The U.S. Supreme Court, in a 5-4 decision, held that a California pension fund (the “Fund”) untimely filed an individual suit alleging § 11 violations under the Securities Act of 1933 (the “Act”).  The Court ruled that the Fund untimely filed an individual complaint more than three years after the relevant securities offering, despite there being a timely-filed class action complaint.  The Fund would have been a member of the class but for opting out of it.

The decision, written by Justice Kennedy, upheld the dismissal of the Fund’s individual § 11 action based on the applicable three-year limitation found in §13 of the Act.  § 11 of the Act gives purchasers of securities a right of action against securities underwriters for material misstatements or omissions in a registration statement.  The controlling language of §13 requires that investors bring claims over a securities offering or a registration statement within one year after the discovery of the untrue statement or omission, or after such a discovery should have been made by reasonable diligence.  §13 further states that in no event will any action be brought for enforcement more than three years after a security is offered.

Justice Kennedy explained that the 3-year limitations period serves as a statute of repose, which is intended to provide defendants full protection from claims after a legislatively determined period of time.  Unlike statutes of limitations, statutes of repose are nonnegotiable and cannot be negated, evaded, or extended.

As background, this case began as a putative class action filed by another retirement fund in June of 2008.  The class action alleged that nearly thirty financial firms were liable under § 11 for false and misleading statements in the underwriting of billions of dollars in debt offerings made by a large investment bank before its collapse in 2008.  The Fund joined the class action, which reached a settlement in 2011, but the Fund chose to opt-out in order to pursue its claims individually.  The claims pursued by the Fund alleged violations that were identical to those in the class action.  When the Fund filed its complaint the trial court dismissed it as untimely under §13, and the Second Circuit affirmed the dismissal for the same reason.  The Fund then appealed to the Supreme Court.
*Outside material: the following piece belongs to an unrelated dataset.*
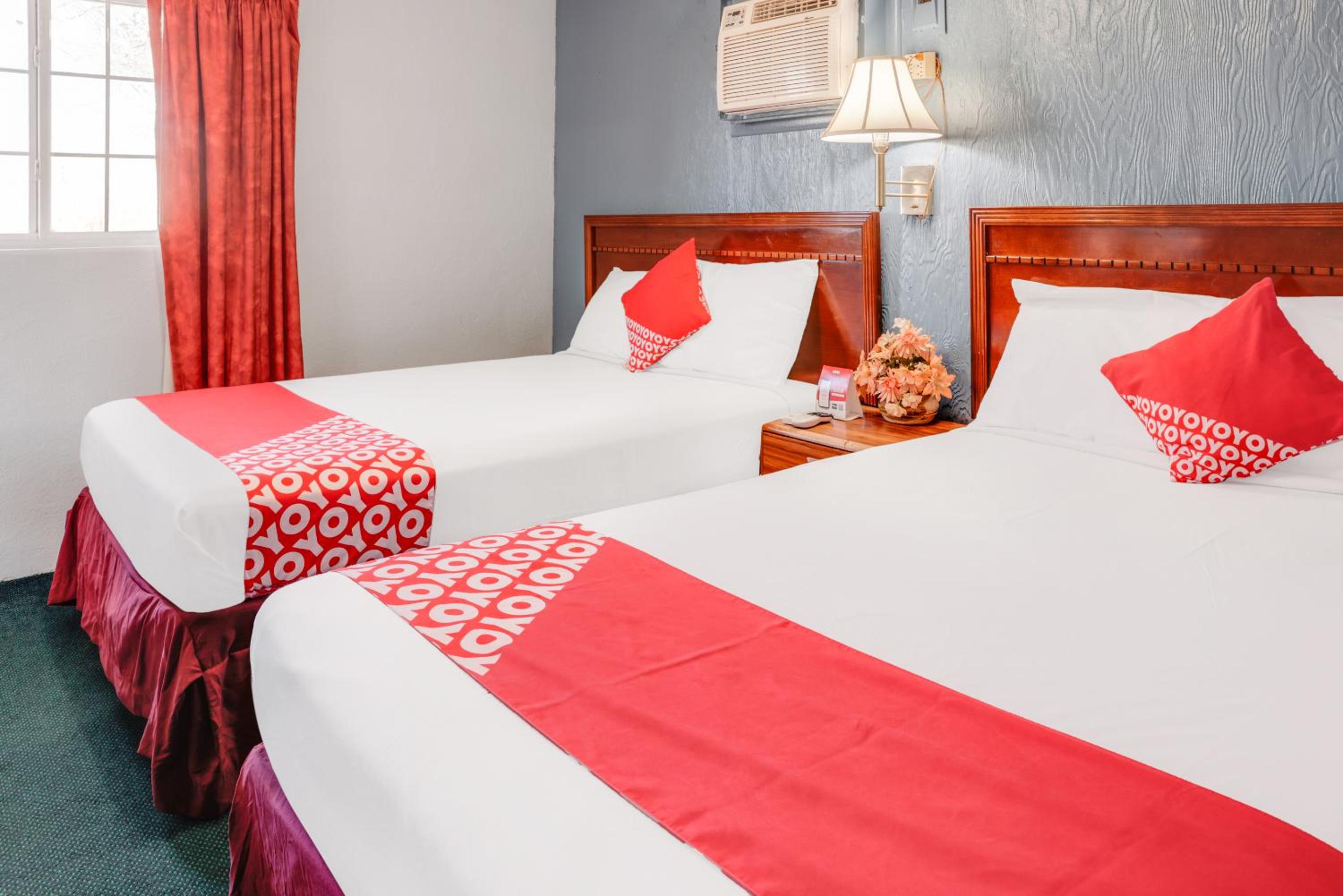 1 Queen Bed & 2 Full Bed Smoking - Photo 5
The Fund argued that it should be allowed to pursue its claims because the three year time bar was tolled while the prior class action was pending.  The Fund primarily relied on American Pipe & Constr. Co. v. Utah, in which the Supreme Court held that the filing of a putative class action tolls the statute of limitations for all members of a proposed class who timely move to intervene after a court denies class certification.  The Court, however, distinguished the present case, explaining that (1) it would defy regular understanding to suggest that the Fund’s individual claim was the same “action” as the class action complaint and (2) that Congress changed the outside limit found in § 13 from 10 years to three years, which indicates its intent to have this section function as a statute of repose rather than a statute of limitations.  Because the three-year limit is a statute of repose rather than a statute of limitations, the majority determined that American Pipe was inapplicable.
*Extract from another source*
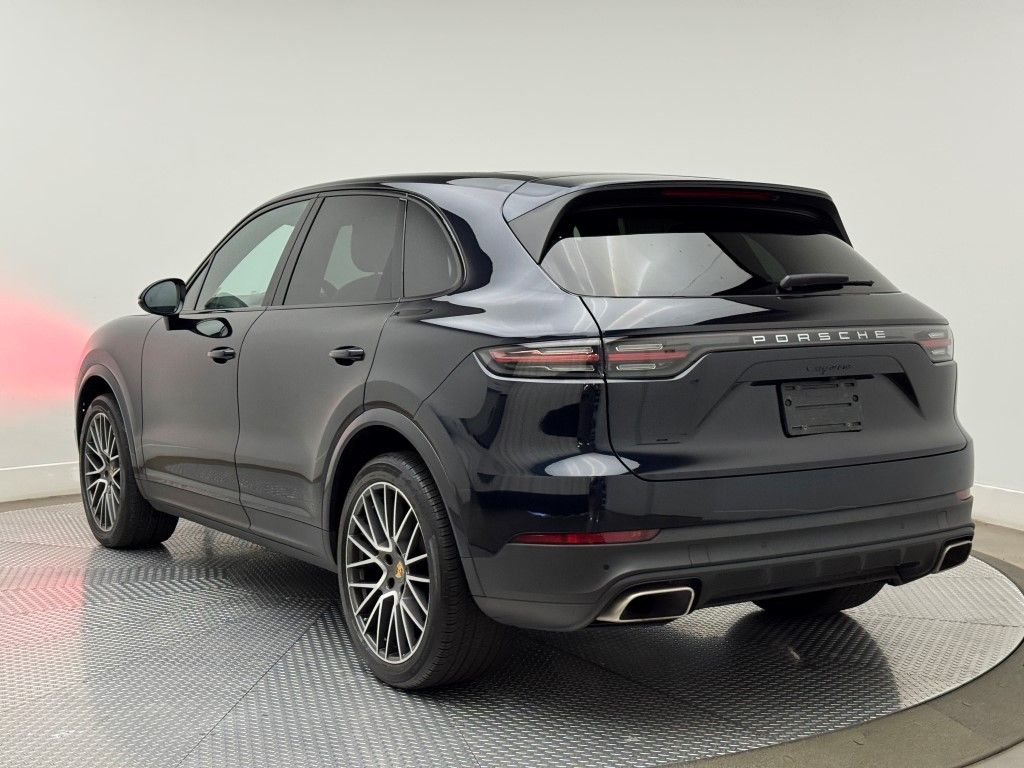 Thumbnail: 2022 Porsche Cayenne - 10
The opinion went on to say that “permitting a class action to splinter into individual suits…would threaten to alter and expand a defendant’s accountability, contradicting the substance of a statute of repose.”  Justice Kennedy and the majority ultimately deemed the spirit of the statute of repose an important one to respect, and affirmed the dismissal of the fund’s individual claims.

Justice Ginsburg filed a dissent, which was joined by Justices Breyer, Sotomayor, and Kagan. In her dissent, Justice Ginsburg agreed with the Fund by pointing out that this precedent could have the effect of rendering the opt-out right illusory as well as incentivizing defendants to move slowly in discovery and other pre-certifications for settlement in order to run the clock on plaintiffs’ potential to opt-out.  She also argued that in light of this opinion there would be a greater importance for courts and class counsel going forward to take an active role in ensuring that class members understand the right to opt-out, and the timelines for expiration of the period of repose.